The density of 250 persons per hectare, or sometimes 200 persons per hectare, is derived on analogy with pre-modern Muslim settlements, primarily from the Late Ottoman period in the Levant, where it is assumed that habitation patterns in the past
did not change much until the 20th century (Zorn 1994: 32). However, there is very little in common between Muslim settlements of the 19th century and settlements of Canaan in the Late Bronze Age. Not only are these settlements separated by almost 3,500 years, but the technology, culture, religion, architecture, and ethnicity are all different; a direct comparison is invalid because the adaptation is entirely different. Thus, in order to accurately assess the population of settlements in Late Bronze Age Canaan, a methodology specific to that period and region must be derived from micro studies and data specifically related to the relevant time and place.
Broad application of uniform population density coefficients have often been employed in estimating ancient population data. Baer estimated a rural population density of 184 people per square kilometer in the Nile floodplain for the entire period of Dynastic Egypt, and a slightly higher 225 per square kilometer estimated for ancient Greece of the same time period (Bintliff and Sbonias 1999: 8). This number, when multiplied by the estimated square kilometers of inhabited land in the boundaries of ancient Egypt, yields an approximate maximum rural population of 1.5 million people for Dynastic Egypt, excepting the major towns and cities—the total population including urban areas would be higher (Butzer 1976: 77). Adding estimates for the population of major cities and towns, resulting in a larger total, would vary based upon the urbanization level of the culture and the typical population density at a particular point in time. Uphill, using the same basic technique but applying it to towns and cities, generally uses a number of 250 people per acre (617.5 per hectare) or 250 per 0.4 hectares (625 per hectare) in a town for ancient Egypt (Uphill 1988: 15). This is only used for calculating urban or suburban populations, and is not applicable to calculating any possible nomadic population. According to Butzer’s calculations, with an estimated population density of the ancient city of Memphis at 550 per hectare, urban Memphis during its peak in the Old Kingdom had a total population of approximately 17,050 people (Butzer 1976: 102). Butzer’s estimate of Per Ramesses in New Kingdom times, the same period as the Late Bronze Age, puts the population of the city at 100,000 (Butzer 1999: 250). New Kingdom Per Ramesses according to this estimate reached 350 hectares, although after subsequent excavation Bietak later estimated the size at up to 600 hectares—substantially larger than any site in Late Bronze Canaan, and
indicative that no city during this period in Canaan would have matched or exceeded its estimated population (Bietak 2010: 12; Butzer 1999: 250).
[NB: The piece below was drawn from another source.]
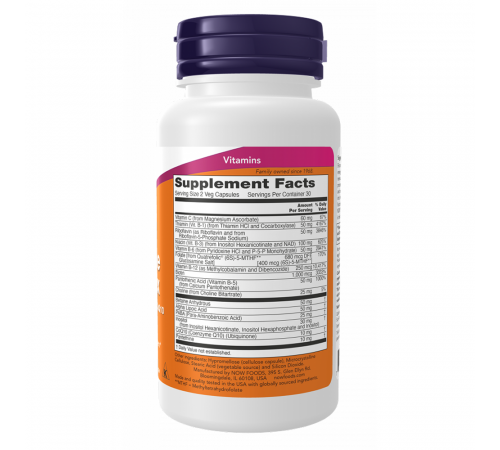 Комплекс коферментов группы Б, Co-Enzyme B-Complex, Now Foods, 60 вегетарианских капсул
Even though New Kingdom Egypt coincides with Late Bronze Age Canaan in time, is a geographical neighbor, and had a similar technology level, these population density coefficients cannot be directly implemented into Canaan of the Late Bronze Age because Canaan had a culture, geography, and architectural tradition distinct from Egypt. Constructions of New Kingdom cities such as Akhetaten and Per Ramesses and the sheer size of their metropolitan areas suggests a population increase and a move to more urbanized culture during this period (Uphill 1988: 60, 62). Similar trends may have occurred in Canaan beginning in the Middle Bronze Age and initially flowed into the Late Bronze Age before settlement change occurred. The increased urbanization of New Kingdom Egypt makes accurately estimating town and city populations important for demographic estimates of Egypt in this period. The emphasis on towns and cities is also applicable to Canaan during the Late Bronze Age, since the many towns and cities discovered archaeologically, in addition to the Amarna correspondence, indicate that a major segment of the population was settled in towns and cities during this period.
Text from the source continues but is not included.